Computes the point-biserial correlation between a dichotomous and a continuous variable.
Usage
biserial.cor(x, y, use = c("all.obs", "complete.obs"), level = 1)
Arguments
x
a numeric vector representing the continuous variable.
y
a factor or a numeric vector (that will be converted to a factor) representing the dichotomous variable.
use
If use is "all.obs", then the presence of missing observations will produce an error.
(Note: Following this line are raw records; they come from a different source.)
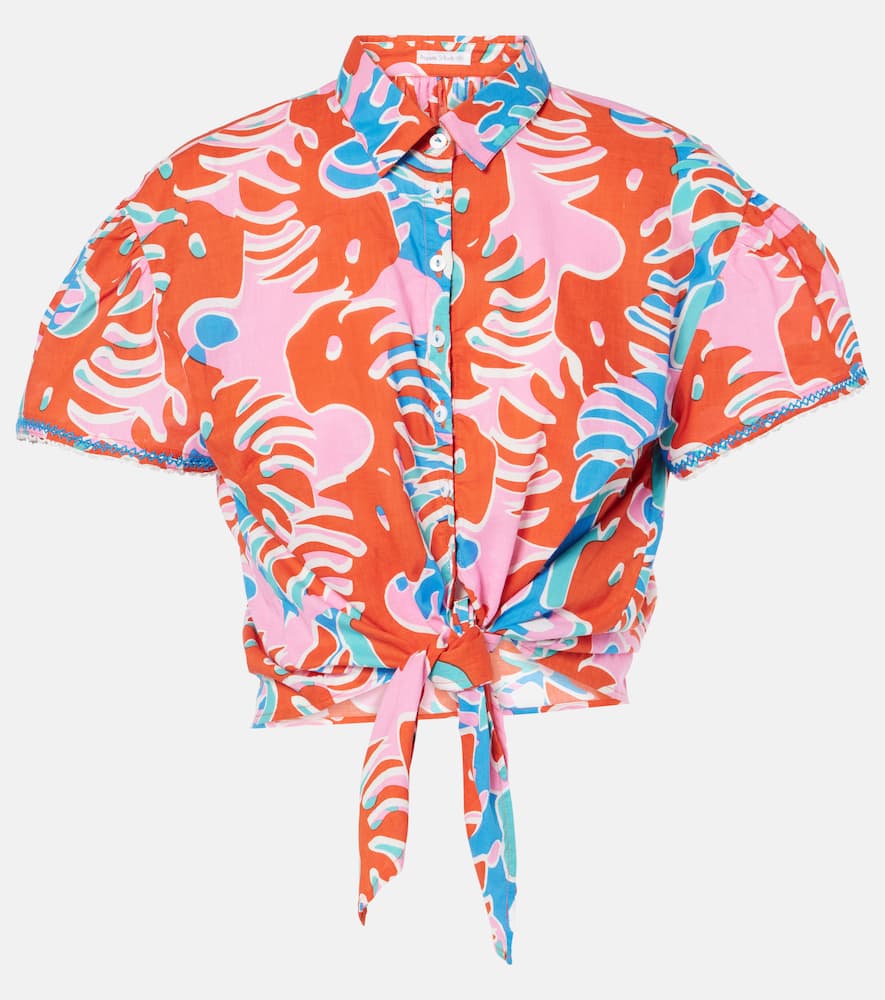 Poupette St Barth Cathy printed cotton shirt dress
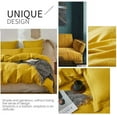 thumbnail image 5 of Simple&Opulence 100% Linen Duvet Cover Set with Washed-French Flax-3 Pieces Solid Color Basic Style Bedding Set-Breathable Soft Comforter Cover with 2 Pillowshams (Mustard Yellow,Queen), 5 of 8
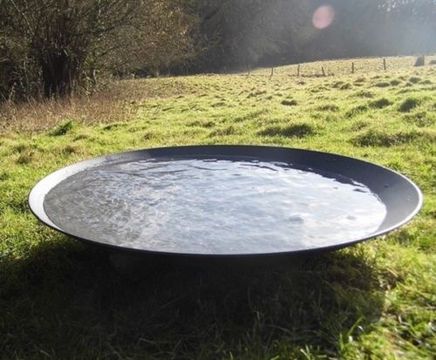 Steel Water Bowl Water Feature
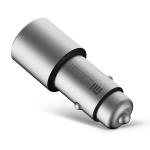 LED Light Xiaomi Car Charger Metal Material DC 12 - 24V For Andriod and Iphone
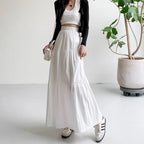 Harajuku White Tiered Maxi Skirt - Bottoms - Maxi Skirt - 3
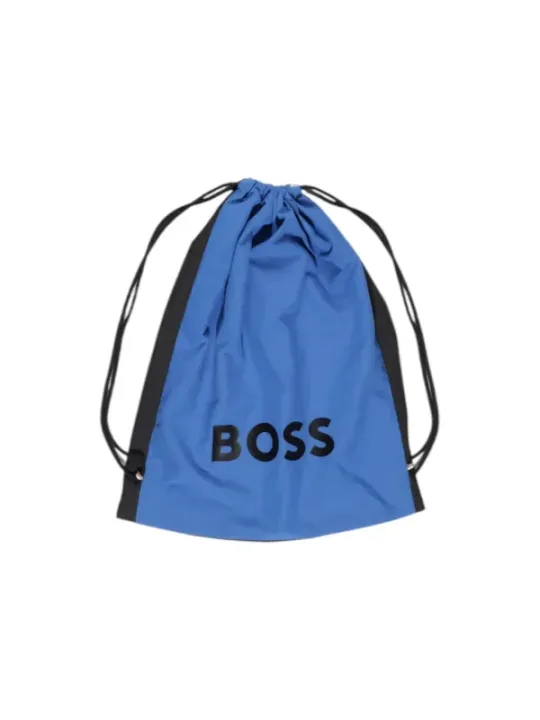 Blauer BOSS Nylon Kordelzugbeutel
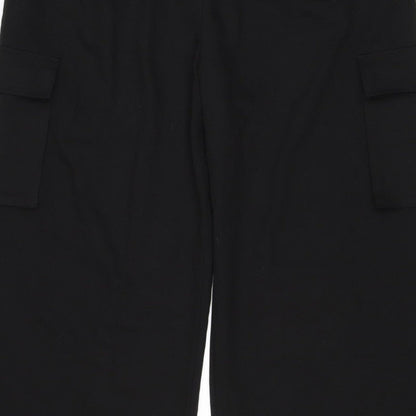 COS Women’s Black UK 18 Wide-Leg Tailored Trousers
If use
is "complete.obs" then missing values are handled by casewise deletion.
level
which level of y to use.
Details
The point biserial correlation computed by biserial.cor() is defined as follows
(X1.bar - X0.bar) * sqrt(pi * (1 - pi)) / S_x,
where X1.bar and X0.bar denote the sample means of the X-values
corresponding to the first and second level of Y, respectively, S_x is the sample standard deviation of
X, and pi is the sample proportion for Y = 1. The first level of Y is defined by the
level argument; see Examples.
Value
the (numeric) value of the point-biserial correlation.
Note
Changing the order of the levels for y will produce a different result. By default, the first level is used
as a reference level
# the point-biserial correlation between
# the total score and the first item, using
# '0' as the reference level
biserial.cor(rowSums(LSAT), LSAT[[1]])
# and using '1' as the reference level
biserial.cor(rowSums(LSAT), LSAT[[1]], level = 2)